Properties and Operators

Sat, 2010-06-26 21:07 — tamhas

Java collection classes have been provided with a fairly rich set of properties and operators, presumably based on the idea that these classes can then be used for a richer range of rôles, just as there are many classes in that same hierarchy which are clearly not intended for relationships at all. In the present implementation, the decision was made to focus on the essentials of object relationships with the idea of creating efficient, low impact infrastructure for OO programming and then to consider later whether there are other classes with other functions which could also be created. Therefore, this implementation uses minimal properties and operators.

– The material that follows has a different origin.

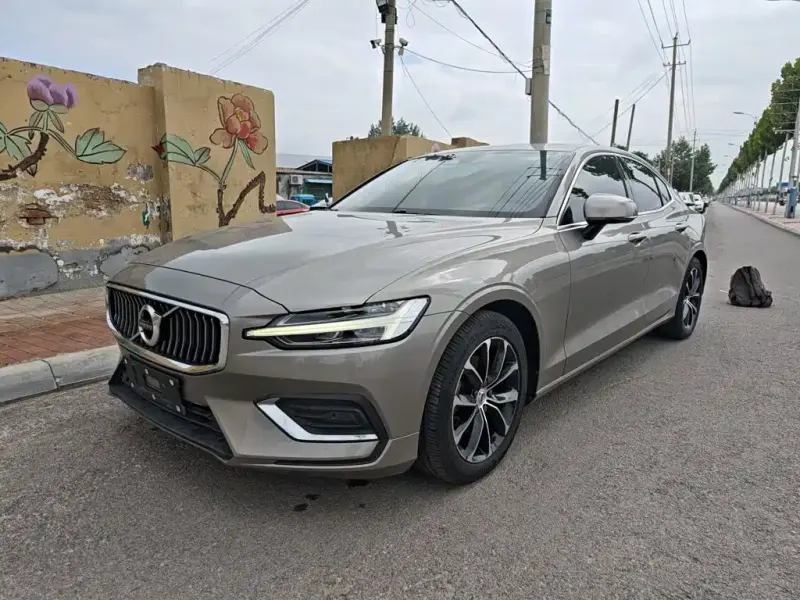 Volvo S60, 2021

Note that we are using a leading "a" to indicate an abstract class and a leading "i" to indicate an interface.

aSet
This is the abstract class for the most common collection type, that ordered only by the sequence in which elements are added to it. It has two read-only properties – Size (number of elements) and IsEmpty. It has and four operators:

Add – adds the object in its parameter to the collection;
Remove – removes the object in its parameter from the collection;
Clear – removes all elements from the collection;
Contains – returns a logical indicating whether the object parameter is in the collection; and
Get Iterator - returns an Iterator object on the class.
Note that Contains will be inefficient on a large aSet and aIDSet is preferred if this is a regular need.

aIDSet
This is the abstract class for the simple collection type ordered by object identity. It has all of the same properties and operators as aSet plus one additional operator Get which has an integer argument and which returns the object with that identity.

aAttrKeySet
This is the abstract class which takes key/value pairs in which the key is considered an identifier for the object, i.e., keys must be unique. It has the same two properties as aSet. Its operators are:

Add – parameters are a key/value pair which is added to the collection;
GetValue – returns the object corresponding to the key in the parameter;
RemoveKey – removes the key/value entry specified by the key in the parameter;
RemoveValue – removes the key/value entry corresponding to the object in the parameter;
Clear – removes all entries
Contains – returns a logical indicating whether the object parameter is in the collection; and
GetIterator – returns an Iterator on the keys.

aAttrSortSet
This is the abstract class which takes key/value pairs, but the key is considered only an attribute which defines sort order, not a unique key. It has the same properties and operators as aAttrKeySet except that GetValue is replaced by GetValues which return a collection of all objects in the collection with the key in the parameter.

iIterator
This is the interface which defines the signature for all collection iterators. It has two read-only properties – HasNext and HasPrev. Its operators are:

First – positions at the first object in the collection and returns it;
Next – advances to the next object in the collection and returns it;
Last – positions at the last object in the collection and returns it;
Prev – advances in reverse order to the previous object in the collection and returns it; and
Remove – removes the object at the current position from the collection.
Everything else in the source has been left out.